How a leadership team at UBS uncovered hidden risk before it became turnover

They suspected something was wrong. OpenElevator showed them exactly where, and how serious it was.

The Situation

While average tenure at UBS is eight years, reducing turnover has been a key focus for managers looking to reduce costs and improve efficiencies. In particular, UBS Team Heads identified team collaboration as key to the success of their departments. They understood that interpersonal issues quickly derail their teams’ ability to remain efficient and effective.
Therefore, following a restructuring, several team heads immediately wanted to understand their team stability. They began exploring retention solutions that could help them understand the team dynamic below the waterline, including who works well together, who may be at high risk of quitting, and which issues could be addressed to mitigate conflicts and turnover.

The Challenge

The core issue wasn’t lack of effort or concern. It was lack of visibility.
“I didn’t know them myself, much less how they worked with each other. Under the previous head, the team had exceptionally high turnover, which was a source of concern and on top of that, I also had a new boss, and a very short runway to deliver results fast!”
Adding complexity, in the restructuring, several teams were decentralized across various locations. Therefore, they wanted a solution that would help them understand the teams across geographies before issues occurred.

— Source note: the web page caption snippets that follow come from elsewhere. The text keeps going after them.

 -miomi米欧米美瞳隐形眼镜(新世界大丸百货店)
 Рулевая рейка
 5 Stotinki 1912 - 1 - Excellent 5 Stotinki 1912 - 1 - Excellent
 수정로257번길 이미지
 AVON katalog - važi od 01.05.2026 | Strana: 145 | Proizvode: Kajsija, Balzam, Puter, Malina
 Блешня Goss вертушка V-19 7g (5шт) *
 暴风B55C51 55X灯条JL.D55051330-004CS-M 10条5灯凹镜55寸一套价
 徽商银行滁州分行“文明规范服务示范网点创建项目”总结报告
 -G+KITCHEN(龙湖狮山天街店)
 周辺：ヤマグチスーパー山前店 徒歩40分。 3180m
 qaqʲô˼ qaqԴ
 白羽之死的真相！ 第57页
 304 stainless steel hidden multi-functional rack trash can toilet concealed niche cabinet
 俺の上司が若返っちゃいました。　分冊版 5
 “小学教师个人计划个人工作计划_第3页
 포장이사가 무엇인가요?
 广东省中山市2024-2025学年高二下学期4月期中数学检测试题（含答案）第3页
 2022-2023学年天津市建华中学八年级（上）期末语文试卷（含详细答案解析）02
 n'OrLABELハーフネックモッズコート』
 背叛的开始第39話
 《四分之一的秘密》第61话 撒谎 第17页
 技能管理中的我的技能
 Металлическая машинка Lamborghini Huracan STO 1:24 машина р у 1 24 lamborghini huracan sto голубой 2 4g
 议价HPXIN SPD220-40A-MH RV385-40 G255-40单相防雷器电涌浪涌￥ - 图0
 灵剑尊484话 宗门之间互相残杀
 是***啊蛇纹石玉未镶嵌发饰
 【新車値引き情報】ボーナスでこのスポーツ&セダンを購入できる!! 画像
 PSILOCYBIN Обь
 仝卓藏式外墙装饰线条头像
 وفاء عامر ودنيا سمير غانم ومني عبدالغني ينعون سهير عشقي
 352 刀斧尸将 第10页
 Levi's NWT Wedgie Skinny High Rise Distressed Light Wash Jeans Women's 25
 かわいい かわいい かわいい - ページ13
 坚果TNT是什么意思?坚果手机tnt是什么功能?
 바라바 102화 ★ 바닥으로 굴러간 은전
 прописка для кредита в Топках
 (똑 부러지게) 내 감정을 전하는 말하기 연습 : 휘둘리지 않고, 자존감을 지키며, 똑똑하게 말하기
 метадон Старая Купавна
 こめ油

What OpenElevator Revealed

After implementing OpenElevator, leadership gained visibility into what had previously been invisible. The data revealed patterns leaders could not previously see, and translated them into clear guidance. The data showed:
Early warning signals of disengagement and risk of departure, along with clear guidance on where intervention would have the greatest impact
Visibility into which working relationships were strong and where friction was likely to emerge
Predictive insight into how well new candidates would fit within the team structure
Most importantly, the insight put numbers to what leaders had suspected. Now the issues were no longer anecdotal or debatable.

The Action

With clear, defensible data, leadership was able to:

Focus attention on the exact area of risk

Have calm, non‑defensive conversations with managers

Address root causes before additional employees disengaged or resigned

Instead of rolling out another company‑wide initiative, they intervened precisely — and early.
Turnover stabilized in the at‑risk department. More importantly, leadership confidence improved.
Leaders no longer felt surprised or reactive. They had ongoing visibility into employee experience and could see when risk was building — and when it was resolving.
The biggest change wasn’t faster reaction. It was earlier awareness.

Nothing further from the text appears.